In ihrem Kopf die Topografie der Vorwendezeit. Sie bildete sich ein, eine fremde Stadt zu besuchen. Wie ein Kind, das die Hände vor die Augen legt, hatte sie gehofft, unsichtbar zu werden. Bisher hatte es funktioniert. Doch sie traute dem Frieden nicht.
Noch zehn Minuten.
Ihr Schutzschild aus Regeln hatte die alten Bilder unter Kontrolle gehalten. Sie spürte, wie dieser Schild zu bröckeln begann.

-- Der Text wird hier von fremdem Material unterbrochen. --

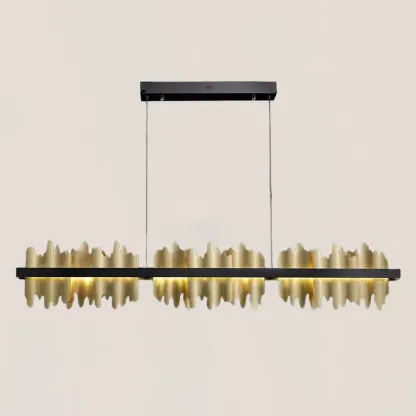 VASELAMPS - Modern Sculpture Linear Chandelier-VaseLamps
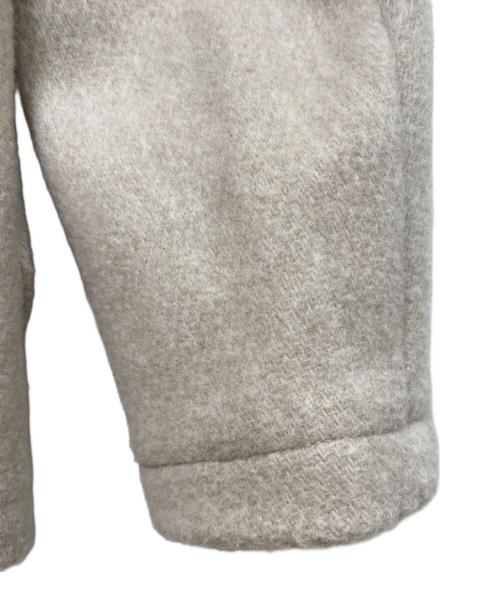 DANTON（ダントン）DANTON (ダントン) ウールモッサ コート ベージュ サイズ:38の古着・服飾アイテム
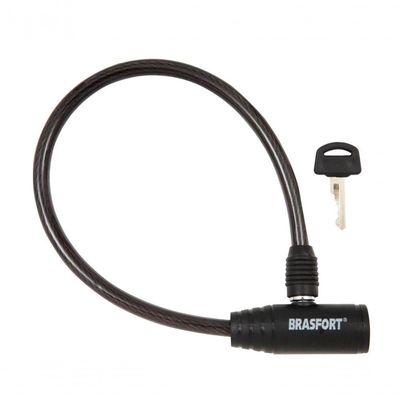 Cadeado Bicicleta C/Chave 8Mmx40Cm 7015 Blister
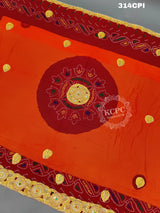 KcPc Pure Georgette Belbutti Odhna Piliya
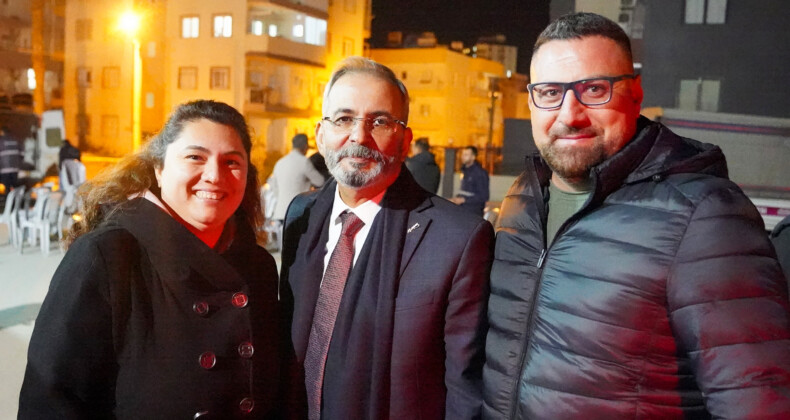 Başkan Bozdoğan vatandaşların sesine kulak veriyor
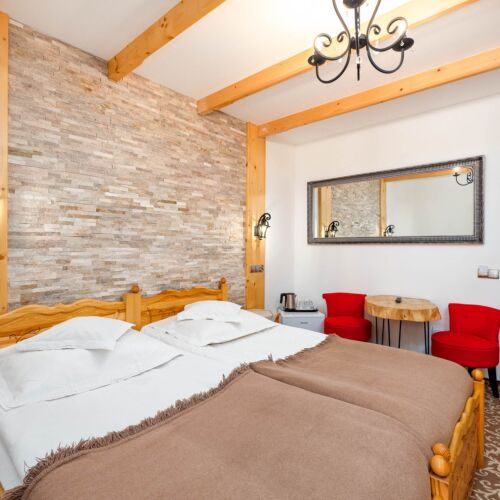 Pokój 2-osobowy na parterze Bronze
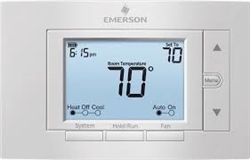 White Rodgers 1F83C-11PR Emerson Non-Programmable Digital Thermostat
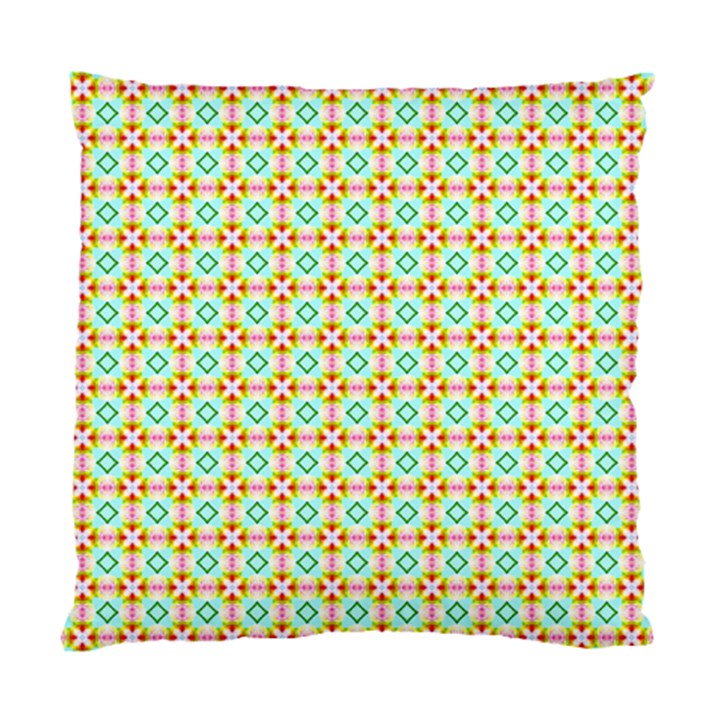 Aqua Mint Pattern Cushion Case (Two Sided) 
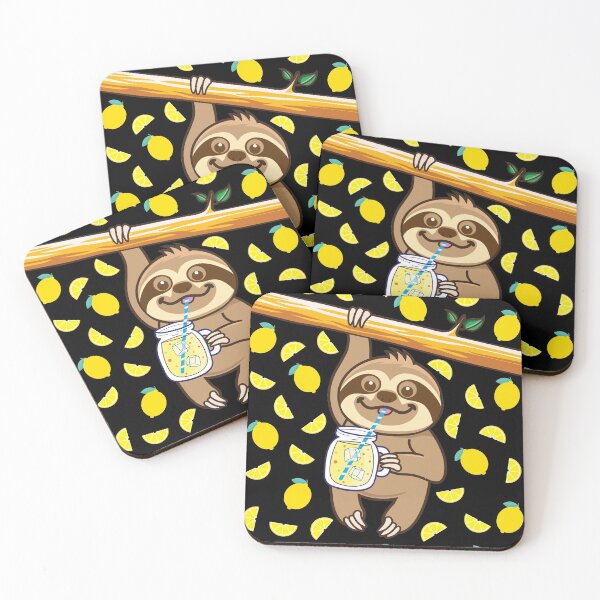 Item preview, Sloth Lemonade designed and sold by plushism.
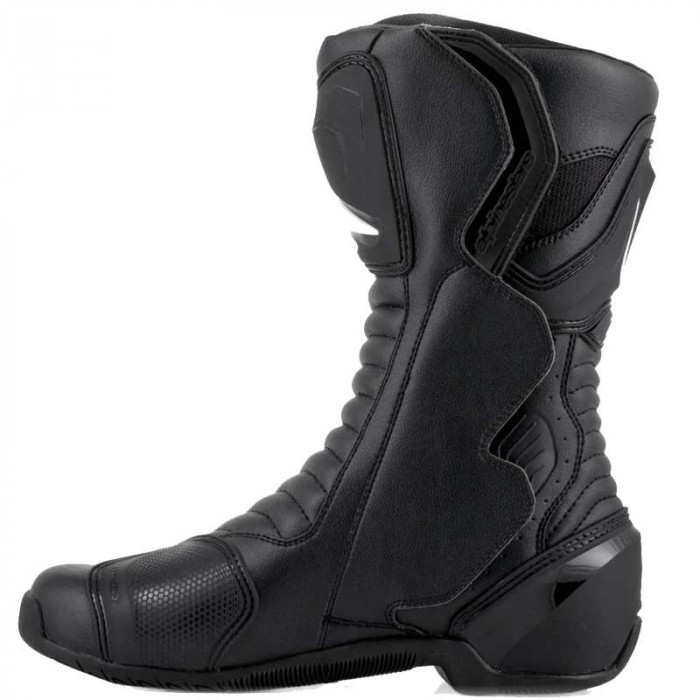 Мотоботы Alpinestars SMX-6 V2, черный/черный, размер 42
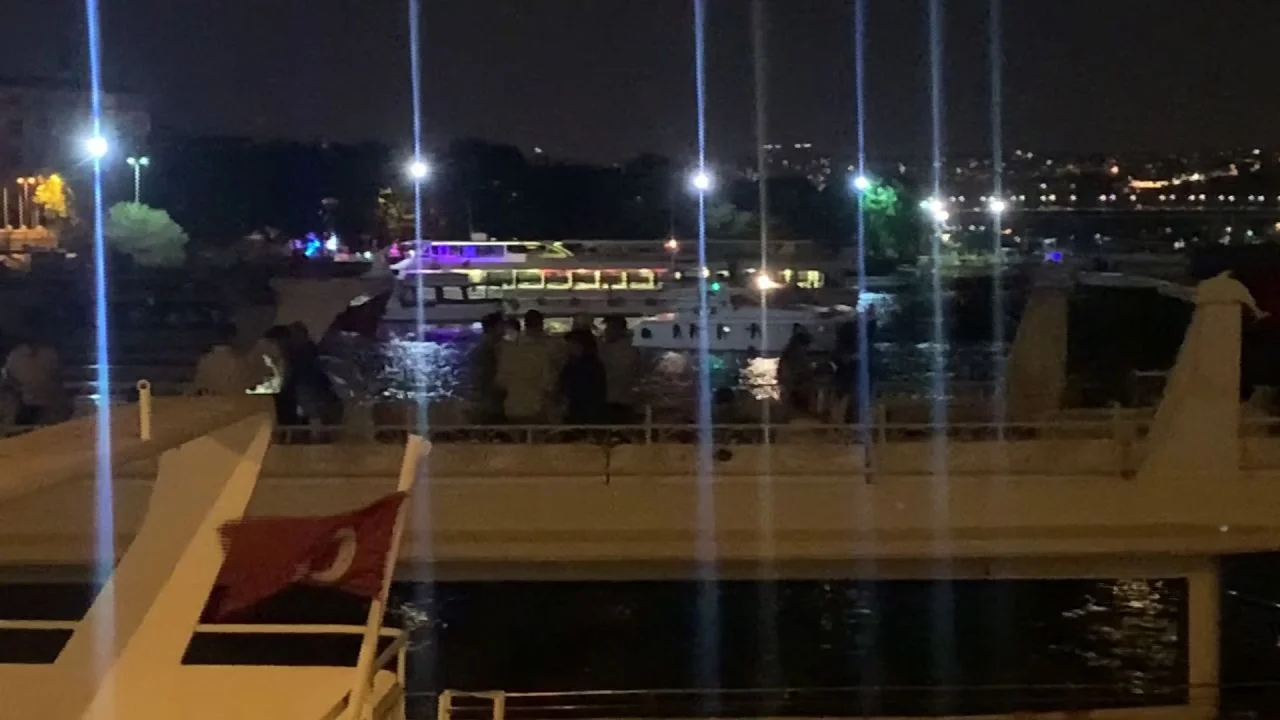 Yattaki rezalet drone'a takıldı!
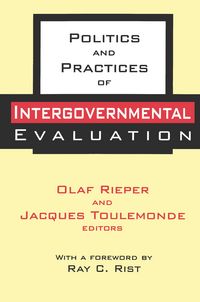 Produktbild: Politics and Practices of Intergovernmental Evaluation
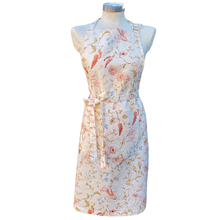 Load image into Gallery viewer, Romantica Pastel Linen &amp; Cotton Apron
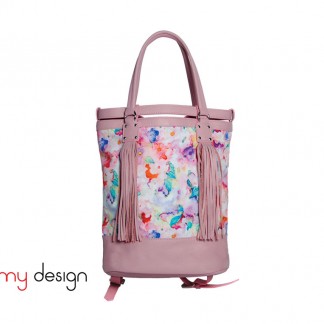 Balô -Monet Backpack with long tassels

Hinter einem bunten Berliner Bären entdeckte sie einen Kiosk. Sogar Die Zeit brachte einen Bericht über den Brand im Flüchtlingsheim und das mutige Mädchen von Neustadt. An der Kasse musste sie anstehen und befürchtete schon, ihren Zug zu verpassen. Sie jagte die Treppe zum Bahnsteig hoch. Noch vier Minuten bis zur Abfahrt.
Am gläsernen Geländer fand sie ein freies Fleckchen. Dort, wo keiner stehen will, weil es dahinter in den Abgrund geht, dachte sie. Ihr machte es nichts aus. Wenn sie nur endlich rauskam aus dieser Stadt, in der sie die dunklen Tage erlebt hatte. Seither waren mehr als fünfundzwanzig Jahre vergangen. Doch ihr Fluchtimpuls war unvermindert stark.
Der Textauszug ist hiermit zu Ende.